Secondly, and more important, Biden’s vow to spend $2 trillion in four years doesn’t just represent a more substantively ambitious response to the climate crisis — it also establishes massive green investment as the cornerstone of his vision for economic recovery. The aim of rapidly dispensing these funds is as much Kenyesian as ecological: The point is to replace depressed private-sector demand for capital and labor with public investment in a sustainable future.
This fact is explicit in Biden’s rhetoric, which frames the climate agenda as integral to his “Build Back Better” vision for post-COVID America. But the aim is also embedded in the policy’s details. Most of the items on Biden’s green itinerary include an estimate of the number of jobs they will create. In fact, the policy prioritizes the creation of high-quality jobs over maximizing carbon reduction per dollar, by mandating high wages and collective-bargaining rights for the workers it enlists.

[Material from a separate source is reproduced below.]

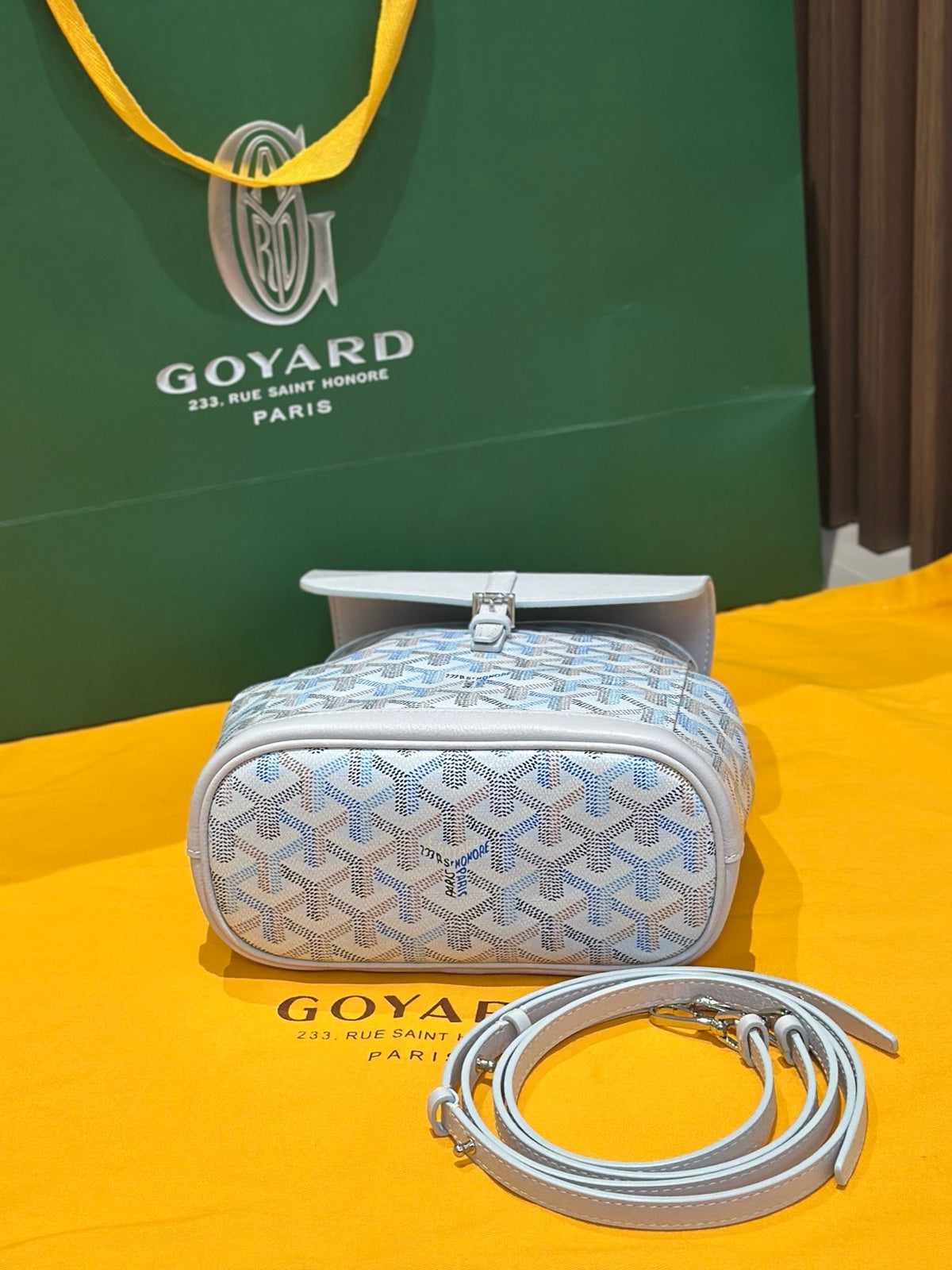 GOYARD WOMENS BAG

All of this makes climate more than just one more issue on a campaign website chock-full of them. America’s unemployment rate is likely to remain near Great Recession highs in January 2021. Mass business failures are displacing millions of workers. If Democrats secure full control of the federal government next year, economic recovery legislation is likely to be at the top of the congressional agenda. Biden’s plan means that, in such a scenario, climate change will share top billing.
In ordinary economic times, mobilizing congressional support for massive federal intervention in the economy can be difficult, even if such intervention is ecologically necessary. The silver lining of the present calamity is that it has rendered private investors incapable of achieving a socially acceptable level of unemployment, and has thus broadened support for Uncle Sam stepping in to pick up the slack. And when the federal government is supplying the capital, it can allocate labor and real resources on the basis of social utility rather than market profitability. Biden’s new plan indicates that he recognizes this opportunity, and intends to capitalize on it.

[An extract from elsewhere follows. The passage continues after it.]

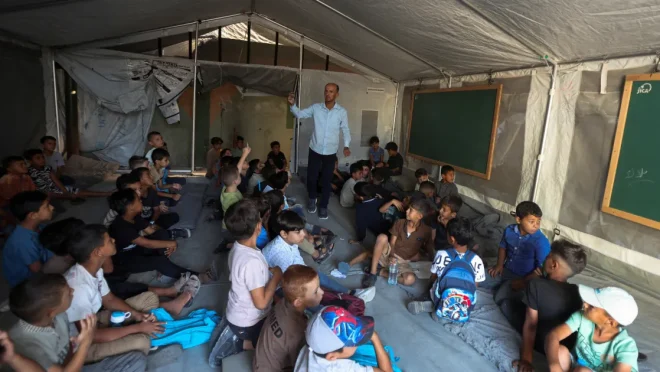 2026-09-21T105641Z_1837995358_RC26MNANRITI_RTRMADP_3_ISRAEL-PALESTINIANS-GAZA-SCHOOLS-1790006582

To be sure, the obstacles to enacting a plan as ambitious as Biden’s present one remain myriad. Even with Biden’s lead over Trump near all-time highs, Senate control remains a toss-up. If Chuck Schumer secures a tiny majority, centrist Democrats from states dominated by fossil-fuel interests will have significant leverage over all legislation. And although Biden is signaling comfort with abolishing the filibuster if Republicans obstruct his agenda, not every Senate Democrat is onboard.
Nevertheless, the odds that the Democratic Party will secure the power to govern in 2021 — and will use that power to substantially mitigate our ever-deepening ecological catastrophe — are higher now than they’ve ever been.